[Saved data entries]
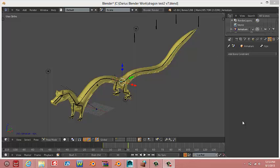Hello, my name is Darius Young, and welcome to Modeling a Chinese Dragon in Blender.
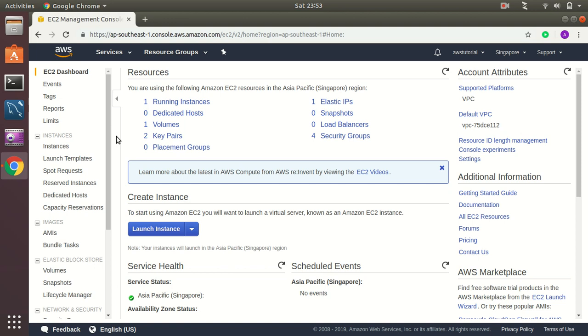Hello everyone, good afternoon. I am Atikur Rahman, an AWS certified solutions architect associate. Today I am going to show you how you can connect to your Windows servers in AWS from your Ubuntu. So let's get started.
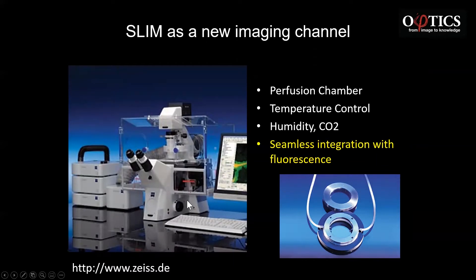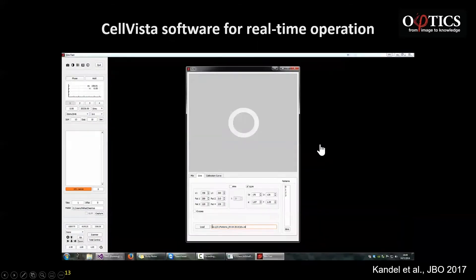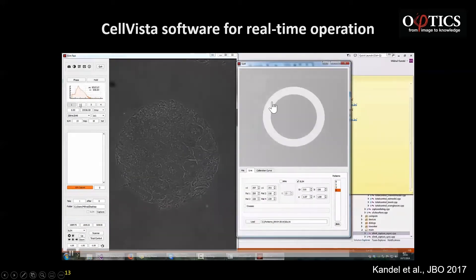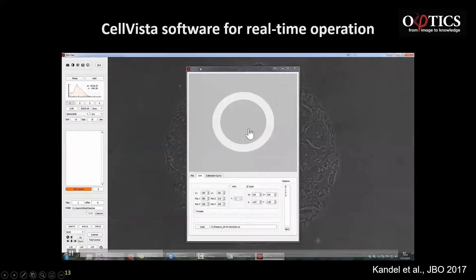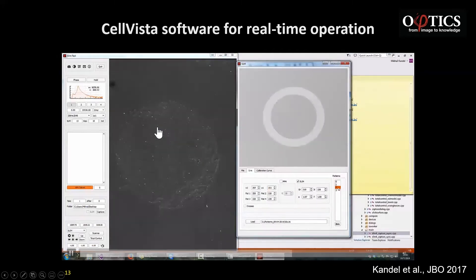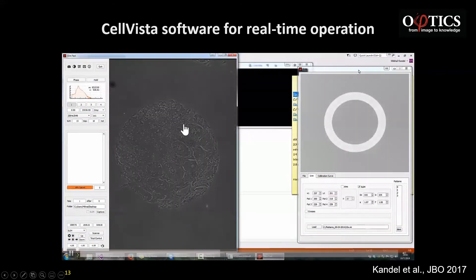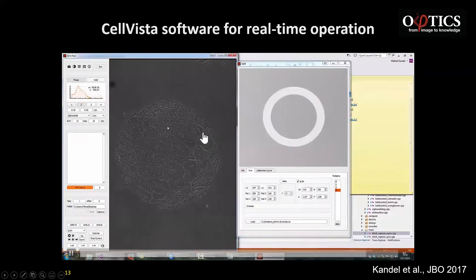Because you can add the SLIM module to an existing microscope, you already have all the accessories for temperature control, humidity control, perfusion chambers — it integrates with fluorescence on the same optical path, and you can alternate between the two. The Cell Vista software does all this processing in real time, some on GPU, some on CPU — what you see is a real time SLIM image. You can scan very large fields of view, multiple well plates. Here is a mesh of about five by five fields of view — you can't even tell where they were stitched because the background is almost perfect.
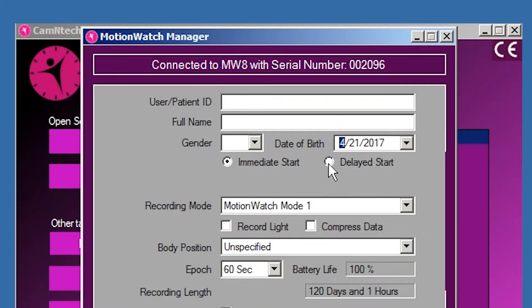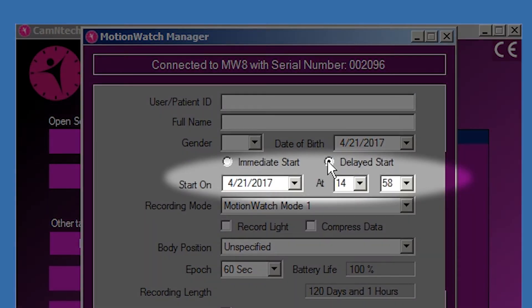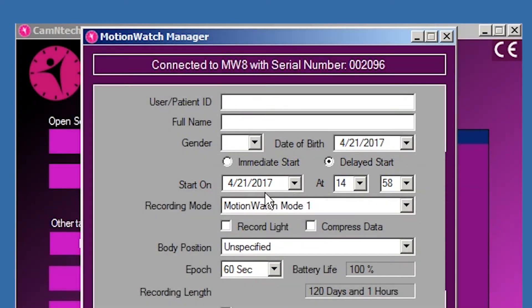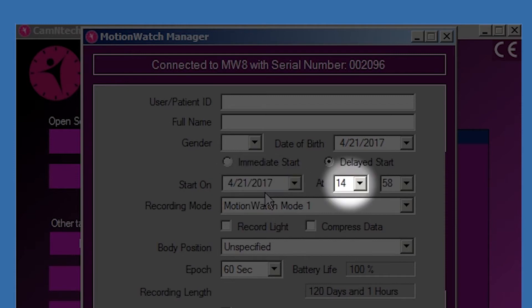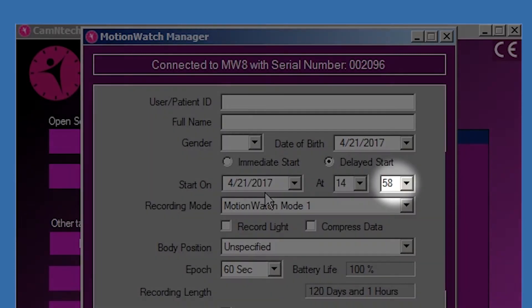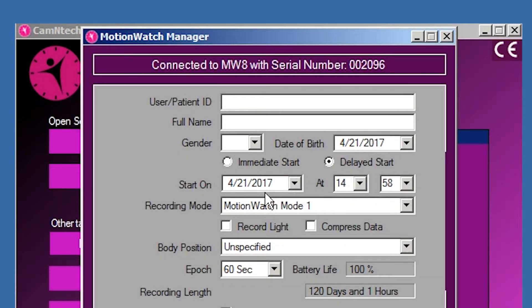Select Delayed Start to show the start date/time controls. This option allows the recording to be delayed for up to 30 days into the future. Use the date, hours and minutes controls to select the required start date and time.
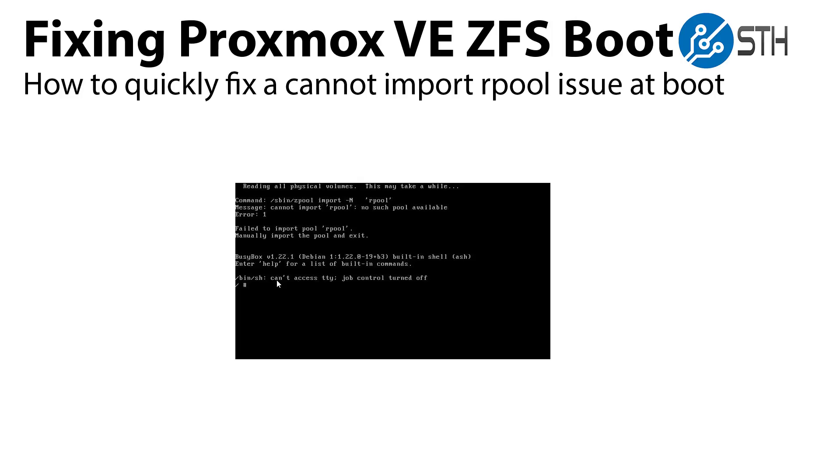Hi, this is Patrick from STH. Proxmox VE is a great open virtualization and container solution that we use at STH quite frequently.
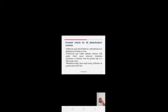Essential criteria for all photochemical reactions: molecules must absorb light for a photochemical or photophysical change to occur. Ultraviolet and visible radiation interacts with matter, causing electronic transitions. Electronic transitions means the promotion of electrons from the ground state to a higher energy excited state.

→ **Task to complete**: Pictures are to be dropped; the lines from the start of the entries above through the line with "Hello everyone, good" are to be given again verbatim.

→ **Written response**:
Hello, my name is Darius Young, and welcome to Modeling a Chinese Dragon in Blender.
Hello everyone, good afternoon. I am Atikur Rahman, an AWS certified solutions architect associate. Today I am going to show you how you can connect to your Windows servers in AWS from your Ubuntu. So let's get started.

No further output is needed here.